14 de diciembre de 2024

Festival de Sevilla 2019: Crónica 5

Jornada decepcionante en Sevilla.

Pocas películas de tan rabiosa actualidad como Dios existe, su nombre es Petrunya se van a ver en esta edición del festival. El quinto largometraje de Teona Strugar Mitevska se sitúa en un pequeño pueblo de Macedonia, donde una mujer de 32 años “interrumpe” una tradición local en la que un sacerdote lanza una cruz al agua que un grupo de hombres ha de buscar. El afortunado que la encuentre tendrá un año de buena suerte, pero es la joven protagonista, Petrunya, quien llega por casualidad al lugar del evento y acaba tirándose al agua para coger la cruz. Esta circunstancia pondrá a la joven en del punto de mira de la policía, de los miembros de la Iglesia y de los fanáticos que esa mañana compitieron por hacerse con la cruz, todos ellos defensores de las normas no escritas de la religión, que impide que una mujer se haga con el premio.
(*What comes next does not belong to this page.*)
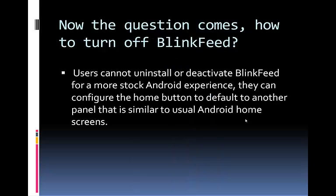Now the question comes: how to turn off BlinkFeed? Users cannot uninstall or deactivate BlinkFeed for a more stock Android experience. They can, however, configure the home button to default to another panel that is similar to usual Android home screens.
El dibujo de los innumerables villanos de la película está realizado con brocha gorda y por momentos de forma bastante ridícula, pero a pesar de ello la cineasta macedonia logra calar con un discurso feminista que arremete prácticamente contra todos los poderes dirigidos por el patriarcado ―el policial, el judicial, el eclesiástico― y contra la hipocresía de la sociedad de su país, lo que podríamos extrapolar fácilmente a la de cualquier otro lugar. Las formas dejan mucho que desear, pero se salva del desastre con un extraño desparpajo.

Little Joe

Jessica Hausner construye su Little Joe a partir de múltiples elementos de verdadero interés, en una propuesta que se acerca al fantástico de un modo que remite al primer Cronenberg y a La invasión de los ladrones de cuerpos. Alice es una madre soltera que trabaja como científica en el campo de la botánica y se encuentra en pleno desarrollo de una planta cuyo aroma contagiará a sus consumidores de algo parecido a la felicidad. Sin embargo, la planta, al igual que el ser humano, su manipulador genético, tendrá inesperadas propiedades y capacidad para poseer a las personas y garantizar así su propia supervivencia. Al atractivo argumento se le añade una puesta en escena fría y una límpida estética, con resultados fascinantes en su vertiente más superficial, pero realmente pobre en cuanto se aprecia una dinámica repetitiva y con un alcance muy reducido. El significado de las imágenes se revela insignificante cuando la música y el sonido tienen que dirigir cada plano y cada escena hasta su conclusión, como una buscada ambigüedad que no tiene sentido en una narración que explica a sí misma con tan poca gracia como el peor cine de género; y su discurso en torno a la anulación del individuo y a la pérdida de los sentimientos en nuestra sociedad, especialmente en un entorno donde los vínculos humanos son sustituidos por otros a priori secundarios ―es el caso de los profesionales―, se ve lastrado por una decepcionante conclusión y por recordarnos continuamente que Yorgos Lanthimos existe.

Psykosia

Cuesta comprender la pertinencia de una sección como Revoluciones Permanentes en el marco de este festival. Recordemos que fue en la pasada edición cuando se presentó como reemplazo de Resistencias, en una supuesta mejora de la muestra, que pasaba de reunir las voces más arriesgadas del cine español a crear un espacio compartido entre éstas y otras equivalentes del resto de Europa. Sin embargo, la carta de presentación no pudo haber sido peor, pues la selección de películas se percibió como una recopilación de los descartes de Nuevas Olas ―y no precisamente por mostrar un elevado riesgo artístico―. Psykosia representa a las mil maravillas lo que fue la primera edición de Revoluciones Permanentes, y esperamos que solo sea un borrón dentro de la sección, aunque de momento la historia se está repitiendo. Marie Grahtø ha dado vida ―o lo ha intentado― a una película que en todo momento se siente impostada, deudora de cada uno de sus planos, giros y subtextos, en la que sobrevuela más que ninguna otra la figura de Ingmar Bergman. Pero el pastiche es demasiado barato: las imágenes valen poco o nada por sí mismas y la narración hace aguas en todos sus frentes, sobre todo en un tercio final donde se confunde inequívocamente lo ridículo con lo sublime. Psykosia se niega a sí misma ―a lo poco que no se había hundido del todo― con un giro digno del peor Oriol Paulo.